▶ Your objective
The records that follow are to be given again exactly, with their pictures omitted.

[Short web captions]
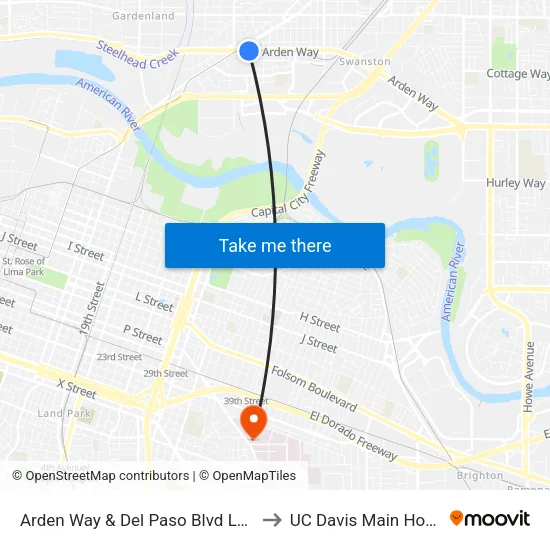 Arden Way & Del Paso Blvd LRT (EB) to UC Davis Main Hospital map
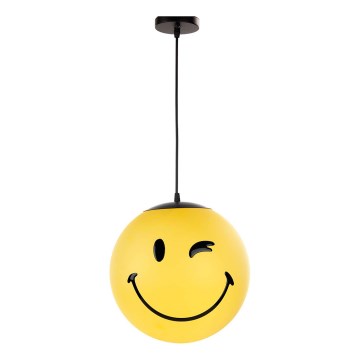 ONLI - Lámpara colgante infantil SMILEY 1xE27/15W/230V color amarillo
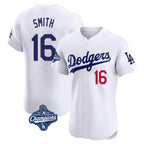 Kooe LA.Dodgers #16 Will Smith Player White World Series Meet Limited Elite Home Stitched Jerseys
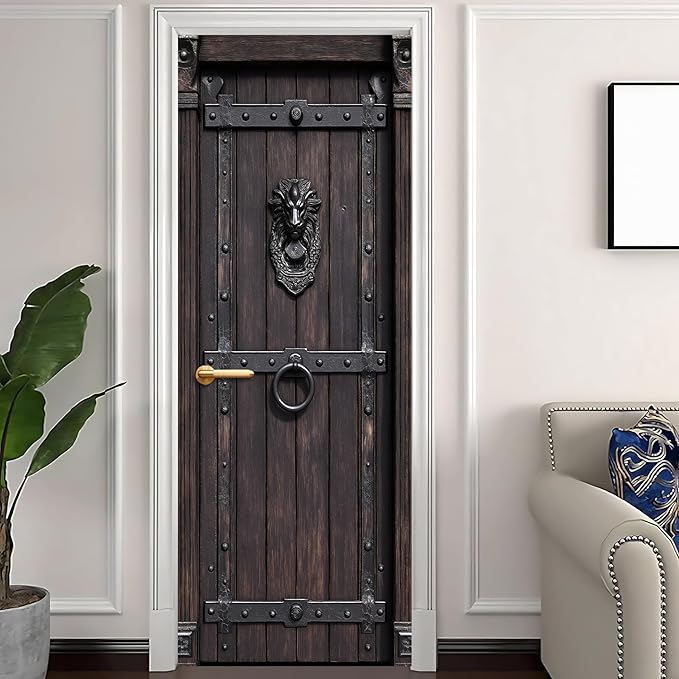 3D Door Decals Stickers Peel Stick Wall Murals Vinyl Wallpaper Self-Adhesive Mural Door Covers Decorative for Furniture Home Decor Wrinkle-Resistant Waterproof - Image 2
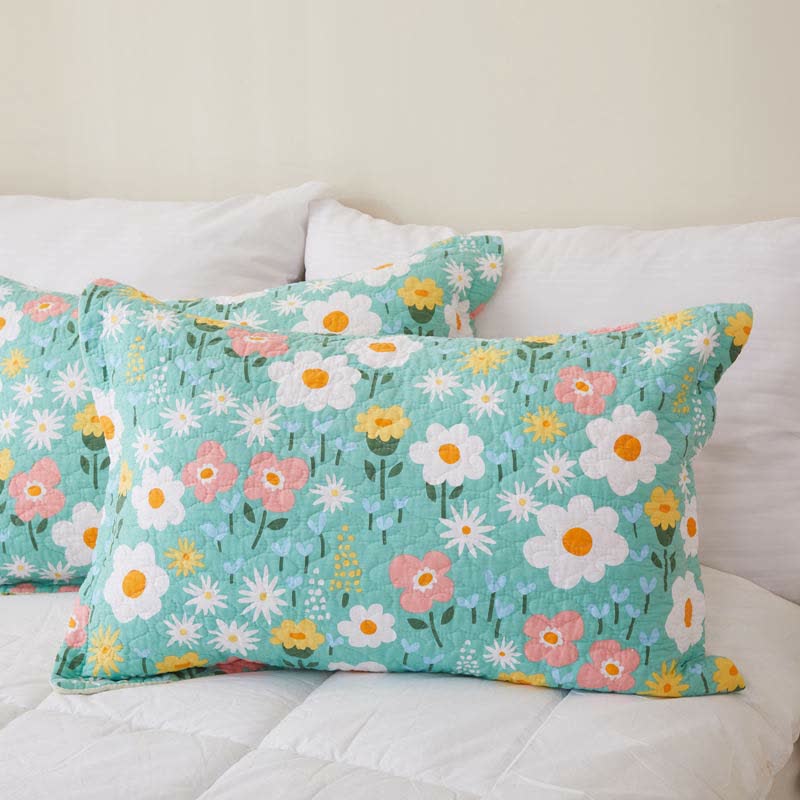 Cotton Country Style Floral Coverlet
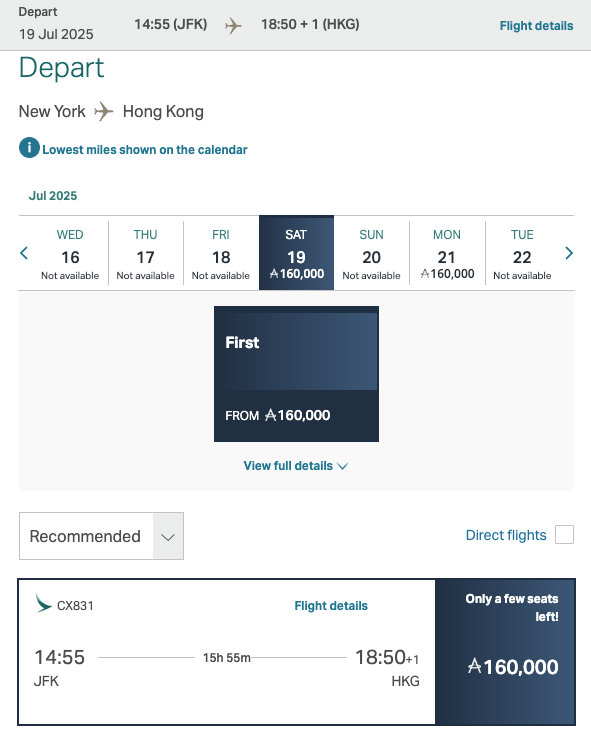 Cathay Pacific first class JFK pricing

▶ Response to the exercise
 Arden Way & Del Paso Blvd LRT (EB) to UC Davis Main Hospital map
 ONLI - Lámpara colgante infantil SMILEY 1xE27/15W/230V color amarillo
 Kooe LA.Dodgers #16 Will Smith Player White World Series Meet Limited Elite Home Stitched Jerseys
 3D Door Decals Stickers Peel Stick Wall Murals Vinyl Wallpaper Self-Adhesive Mural Door Covers Decorative for Furniture Home Decor Wrinkle-Resistant Waterproof - Image 2
 Cotton Country Style Floral Coverlet
 Cathay Pacific first class JFK pricing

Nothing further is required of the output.